On Sept. 27, I will be one of the presenters at the Improving Lives Conference at the Dena’ina Center in Anchorage. I will have 20 minutes or less to answer this question: “How can the state improve psychiatric patient outcomes?”
The conference is sponsored by the Alaska Mental Health Trust Authority. Sixty organizations or individuals applied to be presenters. I believe I will be the only person offering suggestions who has spent over 7 months locked in a psychiatric facility as a patient. Because of that experience I have a unique point of view of what the state must do to improve psychiatric patient outcomes.
Almost every state has created a statewide standardized grievance and appeal process for individuals the state considers having a disability. Alaska has not. Psychiatric patients may receive a level of state protection after being injured or after they are mistreated in a psychiatric facility. But the Alaska Legislature has passed very few laws to prevent psychiatric patients from being mistreated, injured, or traumatized.
My first piece of advice: Any state that does not critically examine its past mistakes in mental health care is not giving itself the best opportunity to improve psychiatric patient outcomes.
On June 6, 1900, Congress passed a law that allowed the U.S. Department of the Interior Office of the Territories to contract for the care of Alaska’s psychiatric patients. Between 1900 and 1904, Alaskans who the government determined needed care were sent to the Oregon Insane Asylum (later called the Oregon State Hospital) and Alaska forgot about them.
In 1904, the Department of the Interior awarded Morningside Hospital in Portland, Oregon, a federal contract to provide care for Alaskans with a disability for $1 a day. With one dollar, the hospital was expected to provide medical care, clothes, therapy, food and a bed. Around 1959, the state of Alaska took over the contract.
From 1900 to 1968, many Alaska Natives and others were shipped from Alaska to psychiatric facilities in Oregon and forgotten. In total, approximately 3,500 Alaskans made the journey. Of the people that died during treatment, very few were returned to Alaska for burial by their family and most were buried in Oregon.
In 1959 when Alaska became a state, the cost of caring for Alaska’s disabled did not remain $1 per day per patient. But the cost remained low because the private hospitals providing care, even the ones financially supported by the state, did not expect or receive many concerns or questions from the state of Alaska about patient rights, quality of care or patient outcomes. Today, the Alaska Legislature is still not setting a sufficient standard of psychiatric patient care and protection.
The state-run Alaska Psychiatric Institute opened its doors in 1962 with 225 beds. Psychiatric patients were still being sent to Oregon at that time. By 2021, the number of patients annually at API was 862, with only about 50 beds. Management at API was encouraged by state agencies to downsize and go in a new direction. Instead of improving a patient’s rights and choices and preparing an individual to go back to society and community care, patients were released, often back to the streets, with insufficient preparation and support.
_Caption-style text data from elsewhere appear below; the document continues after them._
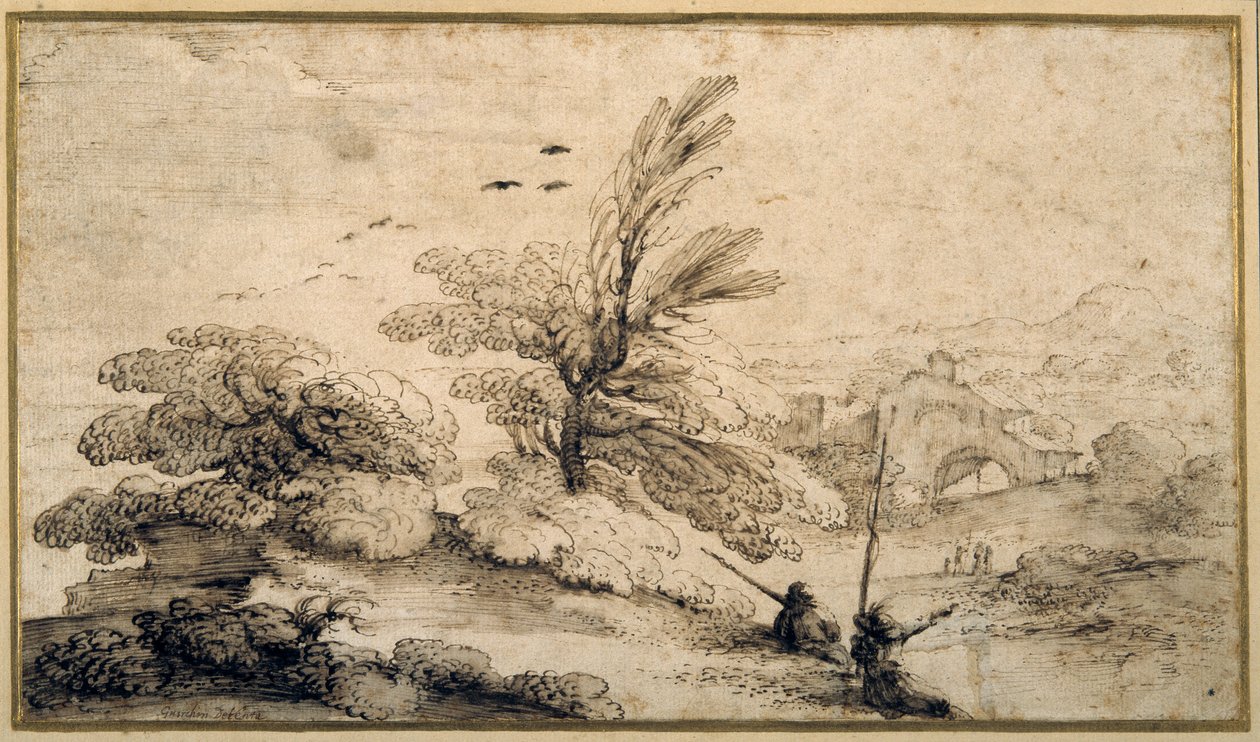 Dinlenen iki balıkçı ile manzara (kağıt üzerinde kalem ve mürekkep) by Guercino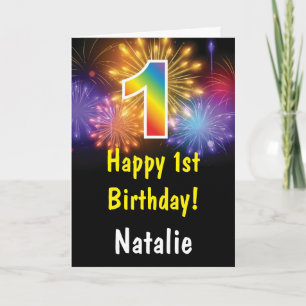 Carte d'anniversaire 1er anniversaire Feu d'artifi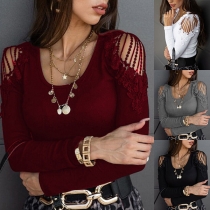 Sexy Lace Spliced Off-shoulder Long Sleeve Round Neck Solid Color Top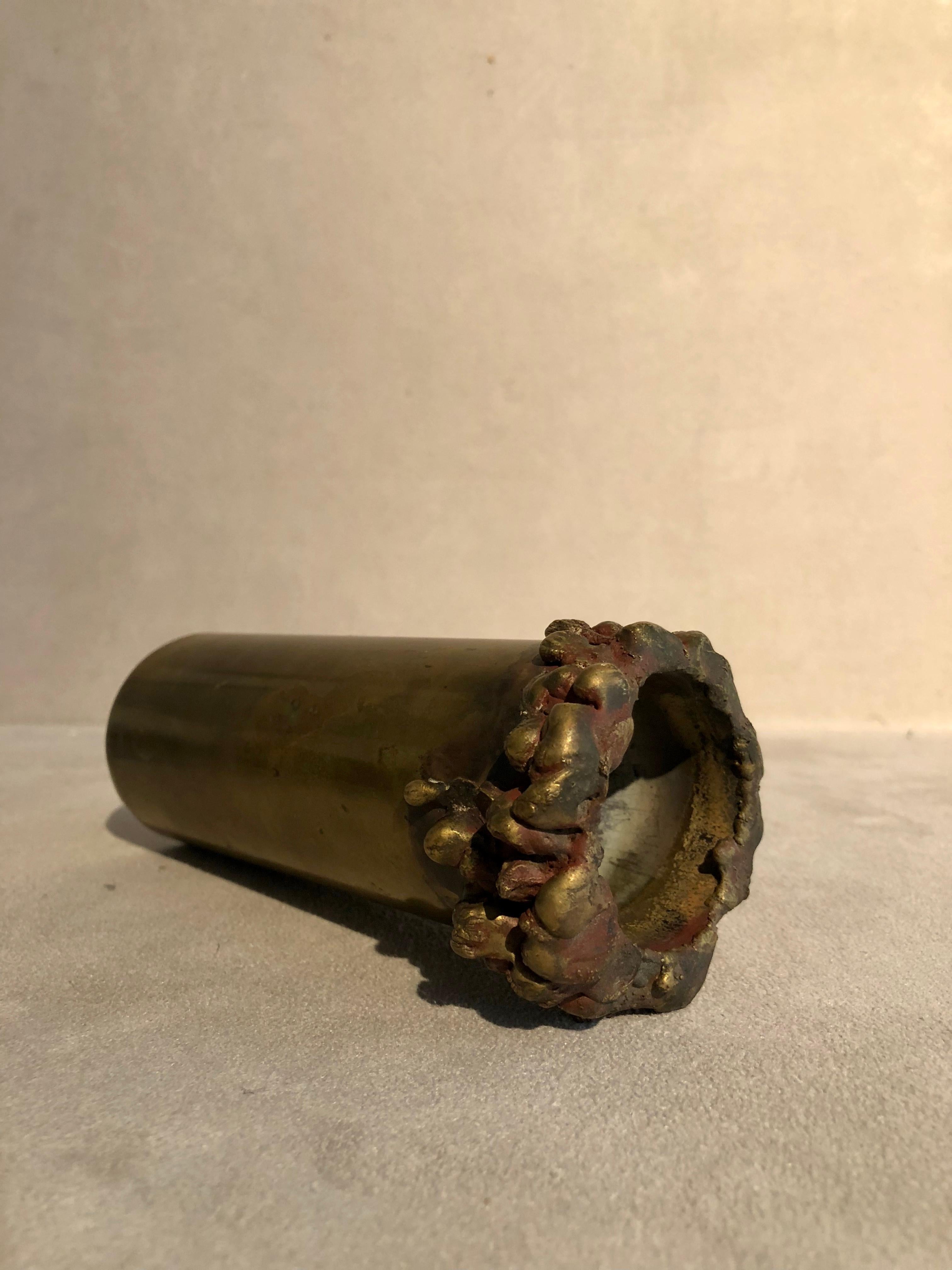 Organic Modern Harold Kerr Bronze Vessel with Lava Motif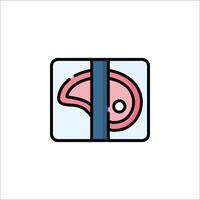 A meat and a knife icon on a white background vector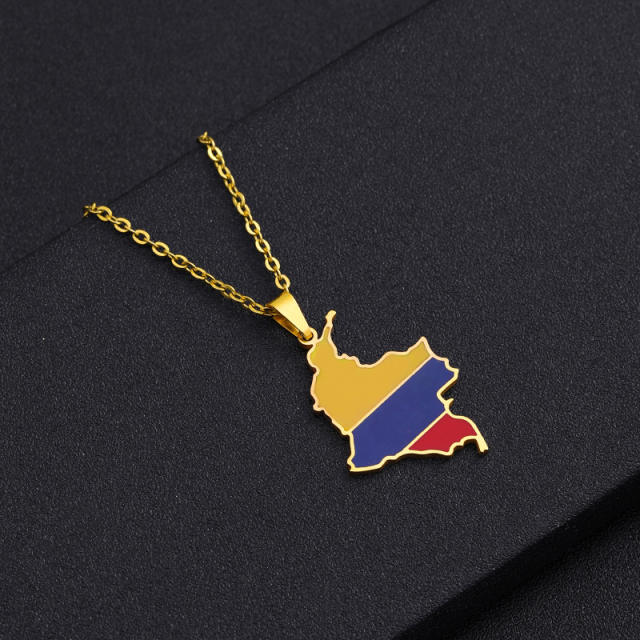 Color enamel colombia flag pendant stainless steel necklace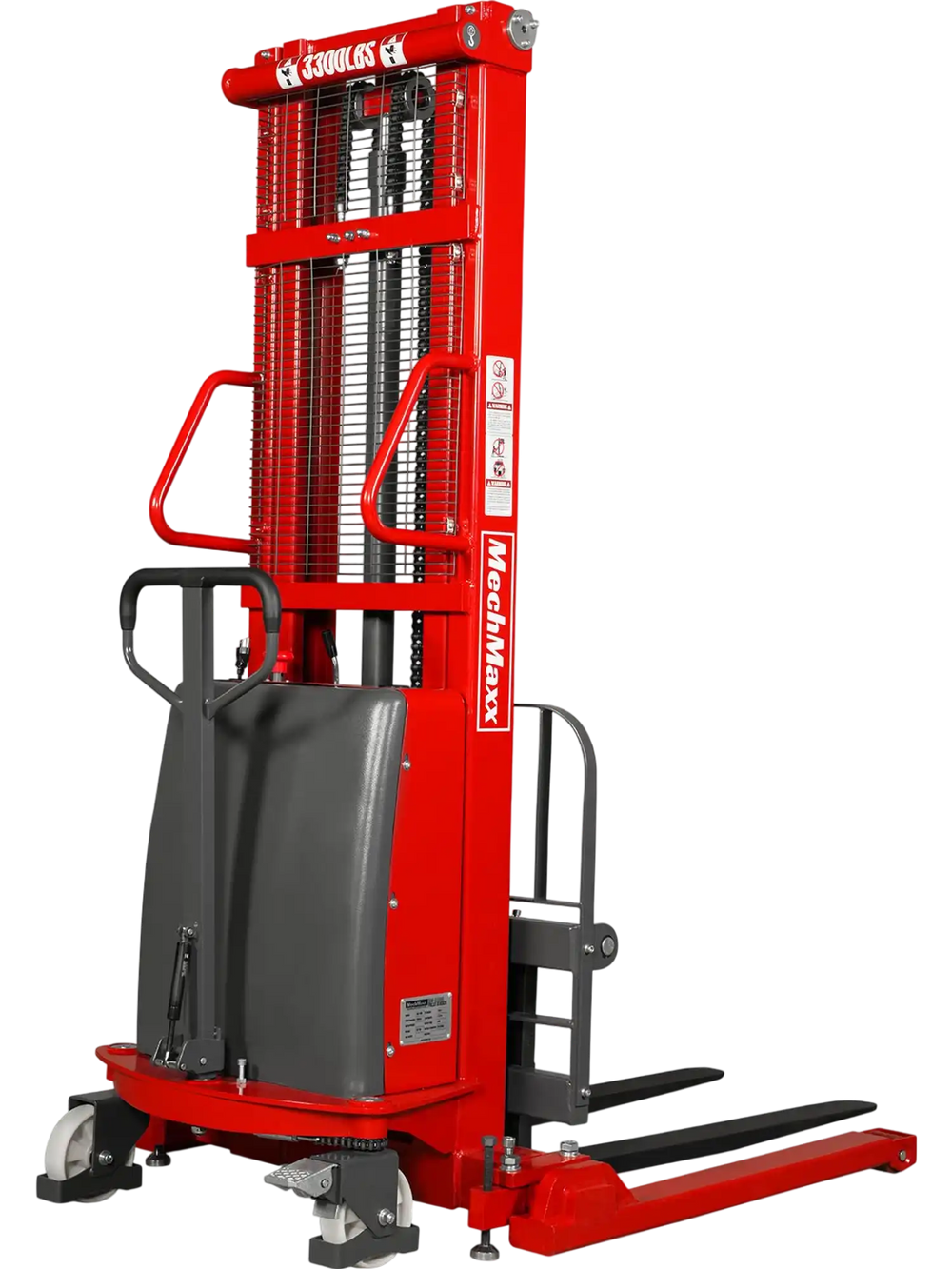 red semi-electric straddle stacker facing the back at a fourty-five degree angle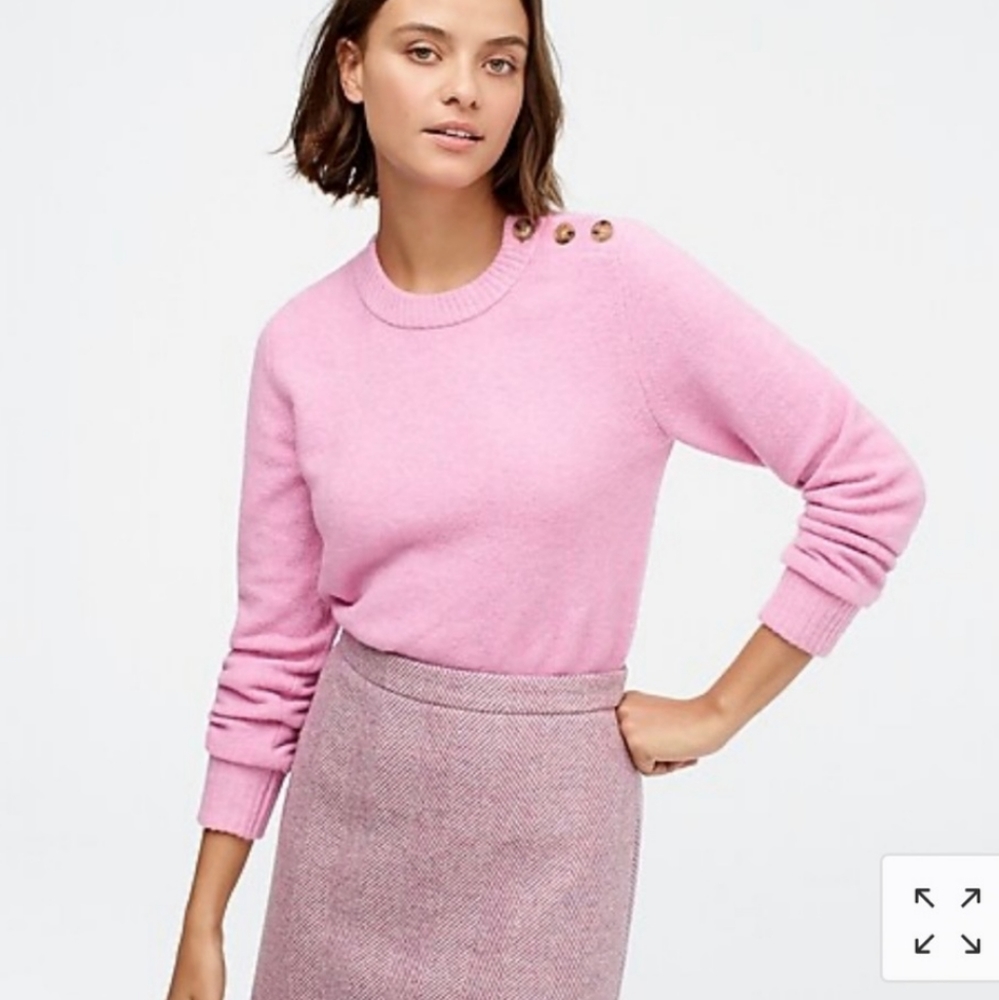 J. Crew Pink Crewneck Sweater with Button Detail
As of now, over 90% of the acute care psychiatric patients in Alaska that spend at least one night in a facility for a forced evaluation or treatment do so outside of state-run API. By any measurement, they are not well protected by the state. Outside of API, the standard of psychiatric patient care receives even less scrutiny by the state.
Just like 60-years-ago, private/ non-profit psychiatric facilities, even the ones financially supported by the state, are allowed to keep secret the number and type of patient complaints, injuries, traumatic events, and whether patients are treated respectfully because the state does not require independent patient exit polls.
Maine, in 1995, was the first state in the nation to begin systematically addressing the interpersonal violence that has affected many of the people served through their Department of Behavioral and Developmental Services. The Maine Office of Trauma Services in 1997 produced a 95-page book titled “In their own words.” Patients spoke about what traumatized them during treatment and providers of psychiatric services spoke of what helped patients. As an example, one patient wrote, “I would rather die than go back to the (psychiatric) hospital. They put male staff on female one-on-one. Male staff observes female patient taking a shower.” A trusted professional stated: “One set of staff are helpful; another set are sadistic and re-traumatizing. Yes, sadistic and intentionally.”
Alaska, unlike a number or other states, has never been required by the courts to provide psychiatric patients with rights that meet or exceed best practice standards. The state advocacy organizations and private hospitals have concentrated on creating new programs like the ones created in House Bill 172. New programs, without improving psychiatric patient rights to best practice standards will not improve outcomes.
The title of my presentation at the “Improving Lives” conference is: “Improving acute care psychiatric patient outcomes by improving psychiatric patient rights.” I point out the Alaska Legislature has to go in a new direction. Instead of just creating new programs for psychiatric patients, psychiatric patient rights must be brought up to or exceed best practice in all programs as the best way to improve psychiatric patient outcomes.
•Faith J. Myers is the author of the soon to be released e book, “Mental Health Care in Alaska 2022: a report card by a former psychiatric patient.”